Mr Johnson said exact numbers are “hard to calculate” but “they could be more than 200,000”.

He added: “What we are going to do is we are extending the family scheme so that actually very considerable numbers would be eligible … you could be talking about a couple of hundred thousand, maybe more.

“Additionally, we are going to have a humanitarian scheme and then a scheme by which UK companies and citizens can sponsor individual Ukrainians to come to the UK.”

Sky News understands the PM’s reference to expanding the number of Ukrainians allowed to join relatives in the UK means loosening the eligibility criteria from just spouses and children under 18 to grandparents, siblings and adult children, which means an additional 100,000 people are now eligible.

Home Secretary Priti Patel will make a statement to MPs around 1.30pm.

Speaking in the Commons on Monday, she ruled out a visa waiver for Ukrainians fleeing the conflict due to security concerns.

More than half a million Ukrainians have fled the country after Vladimir Putin launched his invasion of Ukraine last week.

Mr Johnson’s said the UK “stands ready” to take Ukrainians fleeing Russia’s invasion in “considerable numbers”.

Mr Johnson also said he is “more convinced than ever” that Putin’s military campaign will fail and that he had made a “colossal mistake” by invading Ukraine.

Mr Johnson said Putin was using “barbaric and indiscriminate tactics against innocent civilians” and was prepared to “bomb tower blocks, to send missiles into tower blocks, to kill children, as we are seeing in increasing numbers”.

He said evidence of the Russian president’s attacks on civilians could be used in a future trial at The Hague.

The PM also suggested ways in which sanctions against Russia could be strengthened, saying: “There is plainly more to be done on Swift, we can tighten up yet further on Swift, even though it has had a dramatic effect already I think we do need to go further.

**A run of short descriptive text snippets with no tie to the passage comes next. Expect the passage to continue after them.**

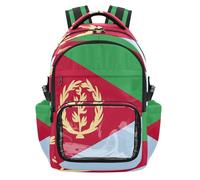 GuoChe Zaino trasparente per la scuola, resistente, zaino da viaggio, per scuola, lavoro, viaggi, età 7-18 anni, Bandiera nazionale dell'Eritrea, One Size, Zaini per bambini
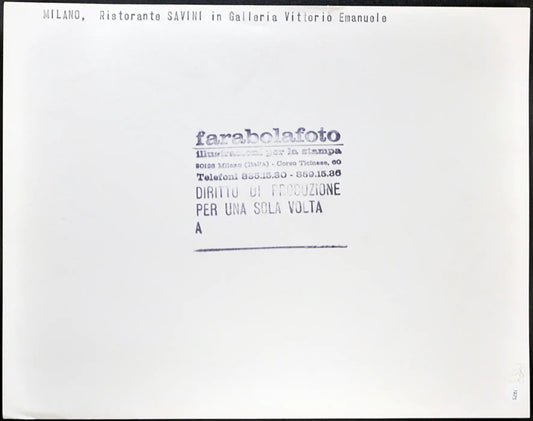Ristorante Savini in Galleria a Milano Ft 1975 - Stampa 21x27 cm - Farabola Stampa ai sali d'argento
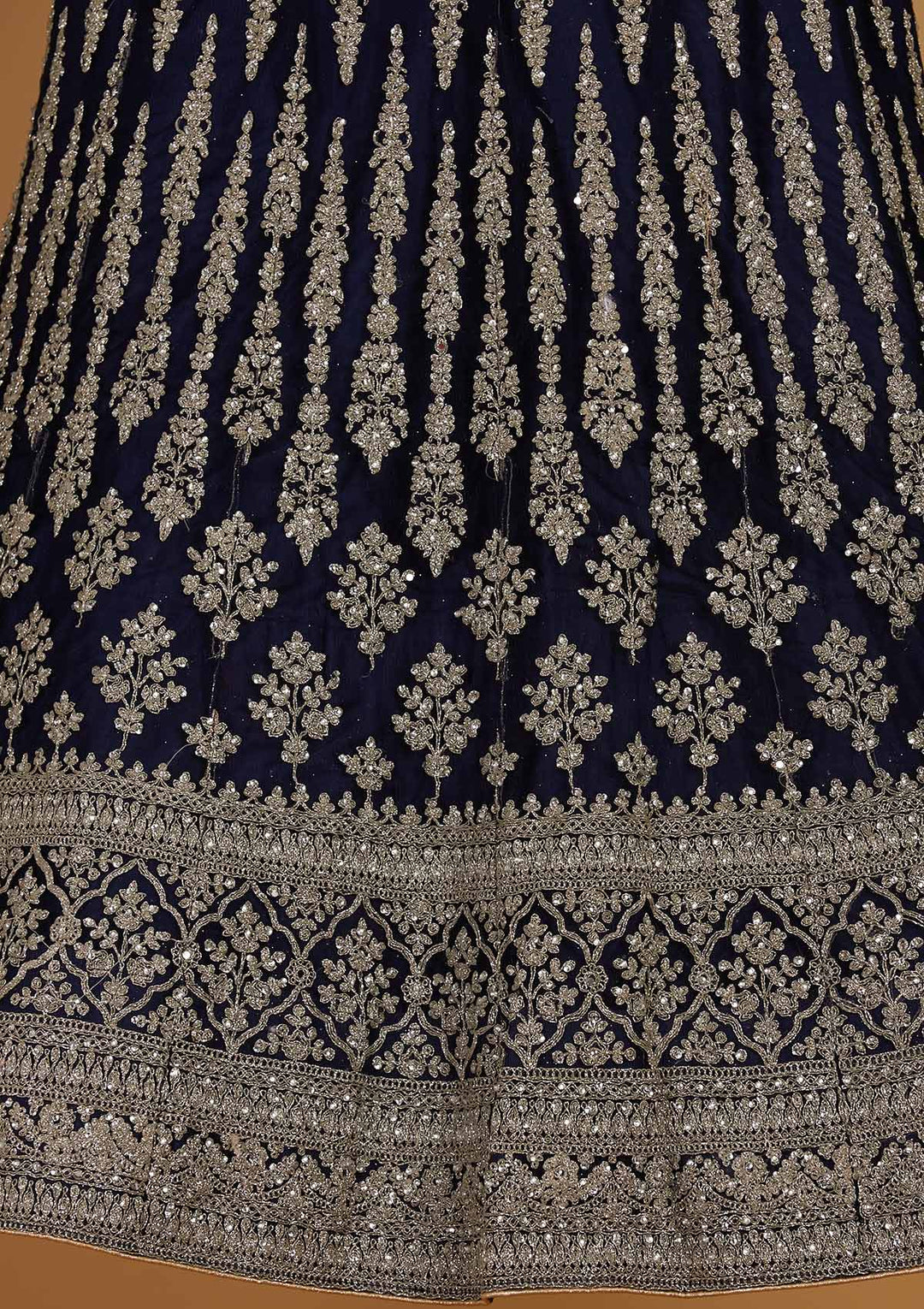 Navy Blue Zariwork Net Designer Semi-Stitched Lehenga - Koskii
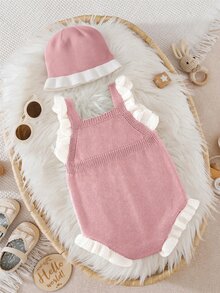 SHEIN رومبير طفلة حديثة الولادة بنقشة زهور صغيرة، رومبير محبوك، تصميم كتل لونية، حافة دانتيل، مناسب للشهر الأول وعيد الميلاد الأول والمناسبات الأخرى، طقم رومبير + قبعة 2 قطعة - متعدد الألوان - مشاهدة 2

“There’s more to be done on Sberbank, there’s more to be done on the freezing of Russian assets.

“I think there’s genuine amazement and dismay in Russia about what has happened already but there is more to be done.”

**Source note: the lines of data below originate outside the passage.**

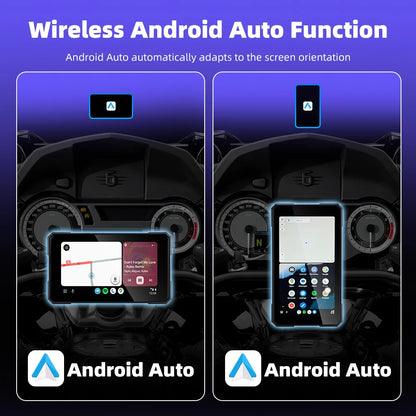 EKIY 5.0 inch Portable Digital Dashboard Motorcycle Navigation GPS Removable Display Screen Wireless CarPlay Moto Android Auto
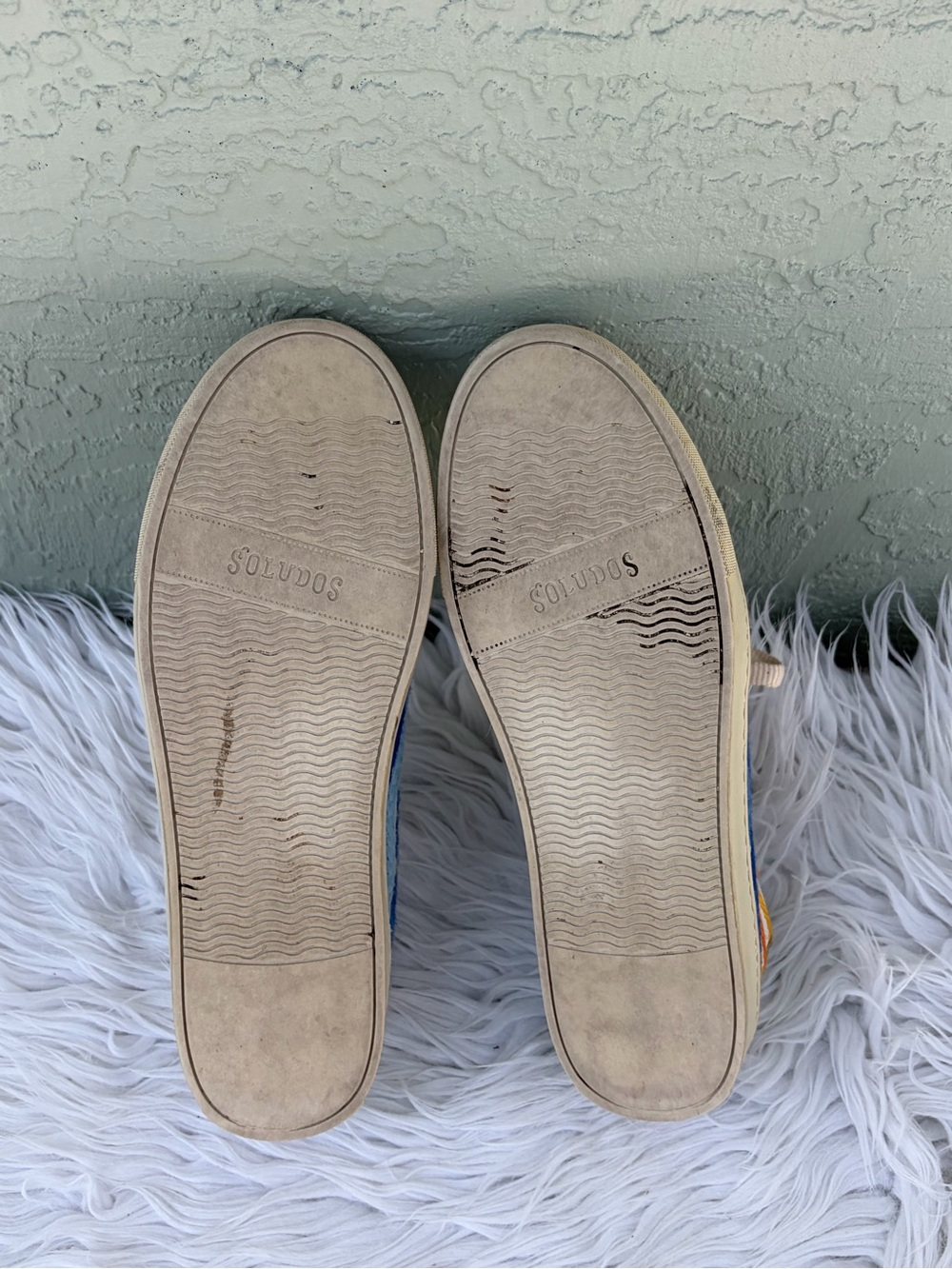 Soludos White Canvas Sneakers with Blue Wave and Yellow Sun Motif - Picture 6 of 8
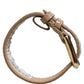 Brown Embossed Leather Gold Buckle Belt Strap Bracelet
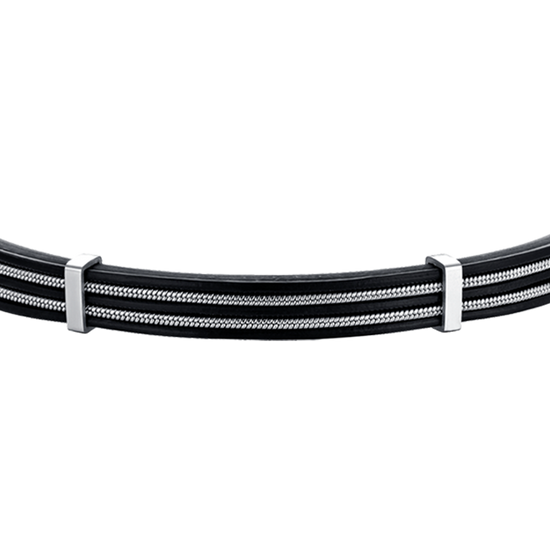 PULSERA DE CABALLERO DE CUERO NEGRO CON ELEMENTOS DE ACERO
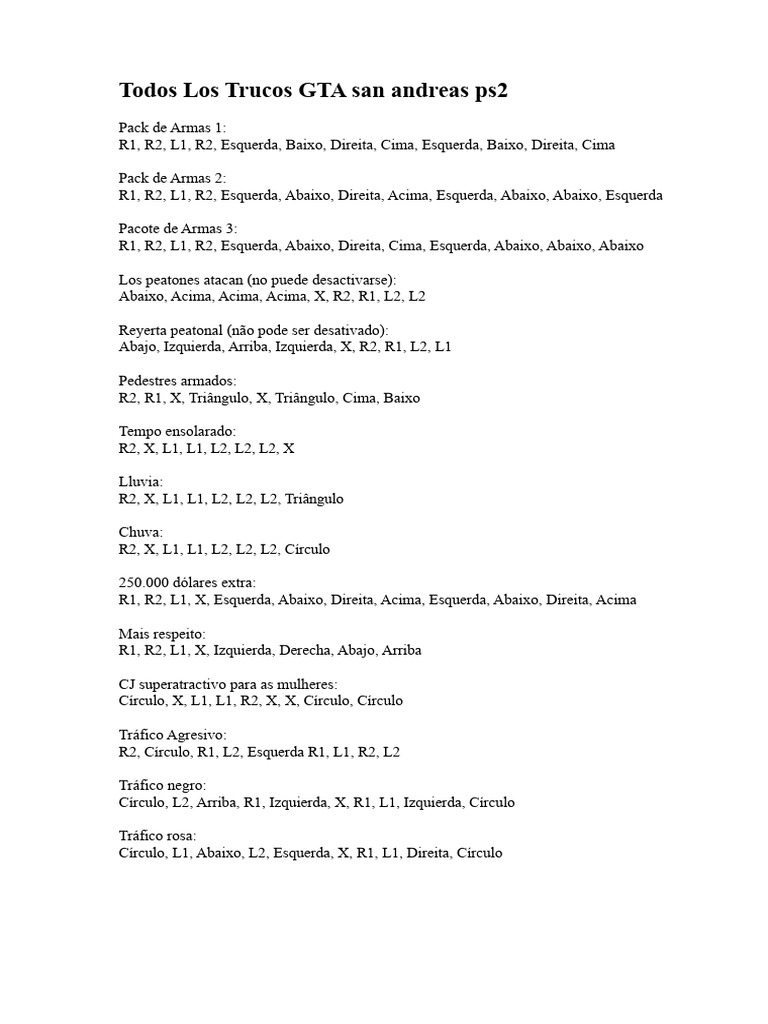 Todos os Truques GTA San Andreas PS2.docx | PDF | Editores de jogos de ...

Mr Johnson said there could be more “severing of sporting links” and “cracking down on the billionaires associated with Vladimir Putin”.

The Russian president, he said, had “fatally underestimated” the resistance of the Ukrainians and the resolve of the West to act amid what he described as an “unfolding disaster in our European continent”.

The PM paid tribute to Ukrainian President Volodymyr Zelenskyy, praising his “leadership and courage”, adding: “I think he has inspired and mobilised not only his own people, he is inspiring and mobilising the world in outrage at what is happening in Ukraine.”